* [Input data]:
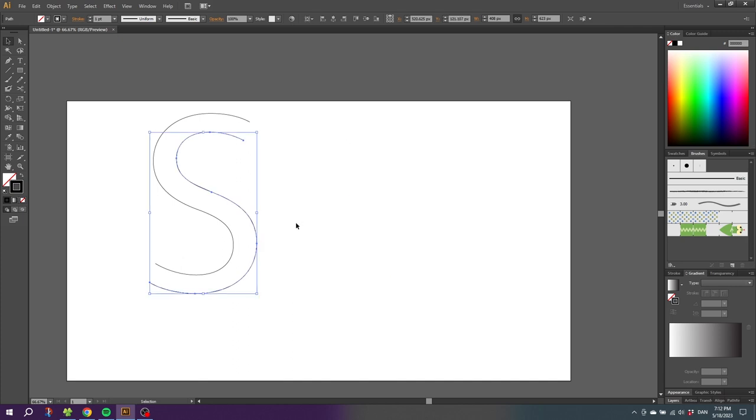But what we really want is a line that is the average of these two lines, that goes just in between these two lines. So this is where this average technique comes into play. The steps we did so far were still needed.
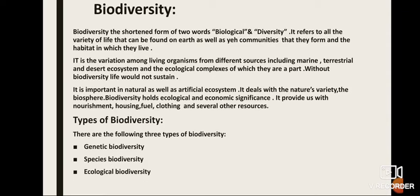The next topic of the presentation is biodiversity. Biodiversity is the shortened form of two words: biological and diversity. It refers to all the variety of life that can be found on earth, as well as the communities that they form and the habitats in which they live. It is a variation among living organisms from different sources including marine, terrestrial, and desert ecosystems. Without biodiversity, life would not sustain.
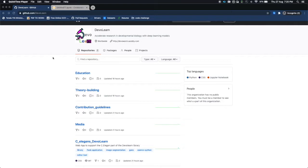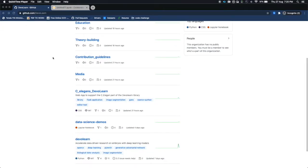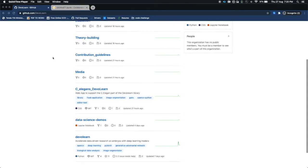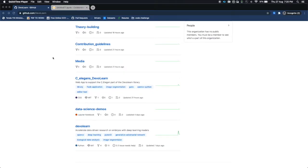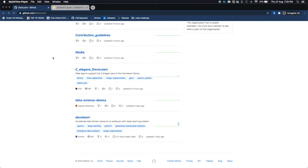As you can see, we have created a small GitHub page for devolearn where we have different repositories for different purposes like education, theory building, contribution guidelines which contains how to onboard for a new user, and media. C.elegans.devolearn is a web app for C. elegans segmentation procedure.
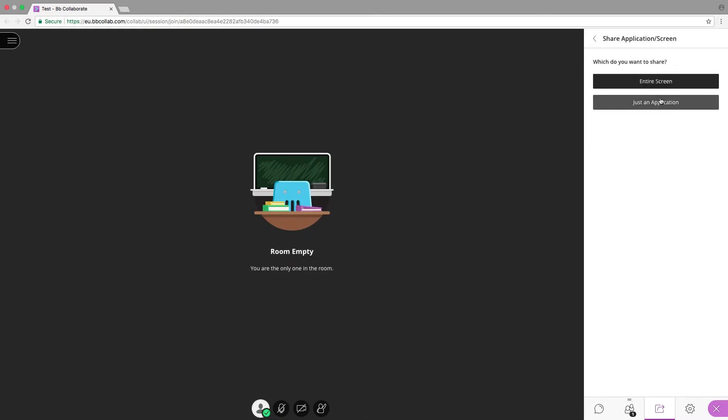Share Application enables the presenter to share an application, such as Word and PowerPoint, or their entire screen.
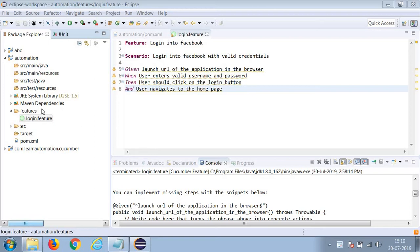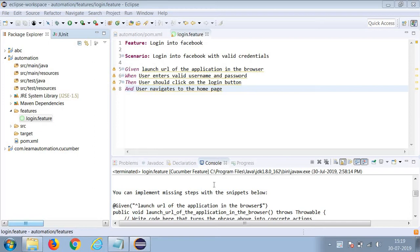Hello friends, we have created the folder structure and run this feature file. We are getting this missing stuff error. In some cases, you will be facing a NoClassDefFoundError issue.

* [Instructions for the task]: An unchanged copy of the listing, with no pictures, should be returned.

* [Exercise result]:
But what we really want is a line that is the average of these two lines, that goes just in between these two lines. So this is where this average technique comes into play. The steps we did so far were still needed.
The next topic of the presentation is biodiversity. Biodiversity is the shortened form of two words: biological and diversity. It refers to all the variety of life that can be found on earth, as well as the communities that they form and the habitats in which they live. It is a variation among living organisms from different sources including marine, terrestrial, and desert ecosystems. Without biodiversity, life would not sustain.
As you can see, we have created a small GitHub page for devolearn where we have different repositories for different purposes like education, theory building, contribution guidelines which contains how to onboard for a new user, and media. C.elegans.devolearn is a web app for C. elegans segmentation procedure.
Share Application enables the presenter to share an application, such as Word and PowerPoint, or their entire screen.
Hello friends, we have created the folder structure and run this feature file. We are getting this missing stuff error. In some cases, you will be facing a NoClassDefFoundError issue.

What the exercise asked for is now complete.